The other small Central Asian republic, Kyrgyzstan, on the other hand seems dedicated to expanding military cooperation with Russia. Kyrgyzstani President Sooronbai Jeenbekov was the only foreign leader attending the opening of Tsentr 2019, in Orenburg (Elezgit.kg, September 21). About 500 soldiers from the Central Military District of the Russian Federation arrived in Kyrgyzstan for joint drills (Orbita.kg, September 23). This year, both countries also agreed to expand the Kant airbase—Russia’s major military installation in Kyrgyzstan (Rosbalt, April 1). Moreover, speculation has been rampant that the two governments are considering opening a second Russian military base on Kyrgyzstani soil. Russian Deputy Foreign Minister Grigory Karasin confirmed that Bishkek offered Moscow a second base two years ago but also noted that the issue is not currently under discussion (Sputnik.kg, July 20).

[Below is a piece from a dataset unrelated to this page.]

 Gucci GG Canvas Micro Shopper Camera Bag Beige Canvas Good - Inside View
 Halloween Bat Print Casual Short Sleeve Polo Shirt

While being a message to the West about Russian military capabilities, Tsentr 2019 additionally signaled the importance of Central Asia to Moscow’s security considerations. And it has once more demonstrated the willingness of the Central Asian countries to accept Russia’s exceptional role in regional security affairs. Although China has successfully challenged Russia’s economic position in the region, Moscow continues to dominate military-security relations in Central Asia.